Allerdings sehe ich noch eine andere Möglichkeit. Ich habe neulich in der Presse gelesen, dass die Mietpreise, vor allem in Limassol, stark gestiegen seien, weil zuviele reiche Leute dort hinzögen und die Zyprioten selbst es sich nicht mehr leisten könnten, in Limassol zu wohnen. Ich weiß nicht, ob da ein Zusammenhang mit dem Gerücht besteht, dass die Ukraine alles anmiete, was zu mieten ist, egal zu welchem Preis, aber der Zusammenhang ist natürlich naheliegend. Und in Zypern bricht gerade viel Tourismusgeschäft weg, weil erst die Corona-Krise reingehauen hat, und dann die Russen wegbleiben, weil sie ihre Rubel nicht konvertieren können, nicht in die EU rein oder nicht aus Russland raus dürfen. Insofern würde ich auch nicht ausschließen, dass der eine oder andere Zypriote da auch noch Diskussionsbedarf sieht.

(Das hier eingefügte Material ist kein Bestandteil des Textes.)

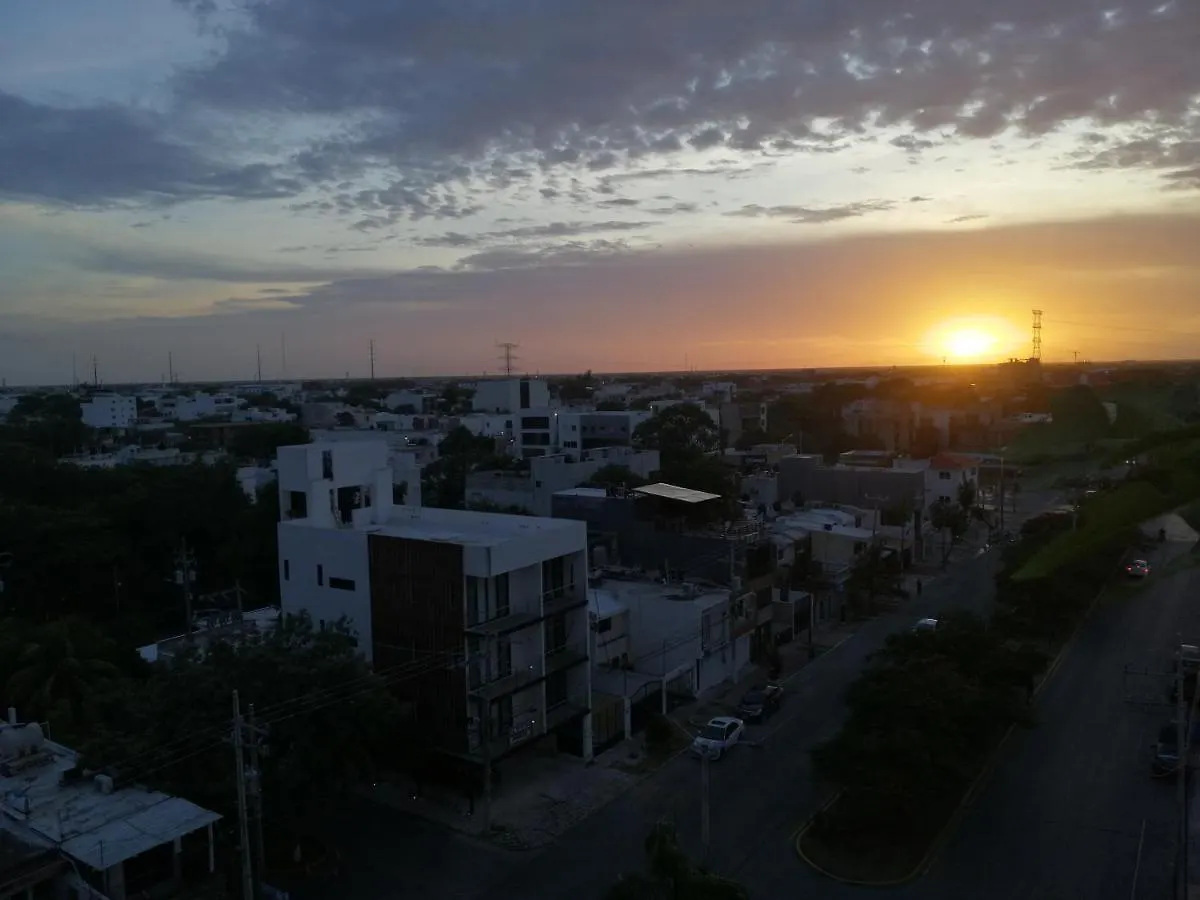 Caribbean Vibes Studio - Cerca De 5Ta Av Y Playa Playa del Carmen Apartmán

Ich werde mal fragen, wenn ich wieder dort bin. In Paphos, wo es mich hinverschlagen hat, gibt es nach meinem Eindruck aber nur sehr wenige Russen. Allerdings war ich bisher ja auch vor allem im Herbst und Winter dort und erst mal mit mir selbst beschäftigt, bin da also noch nicht so rumgekommen. Ich werde mir das als Thema für den Sommer mitnehmen und das mal klären.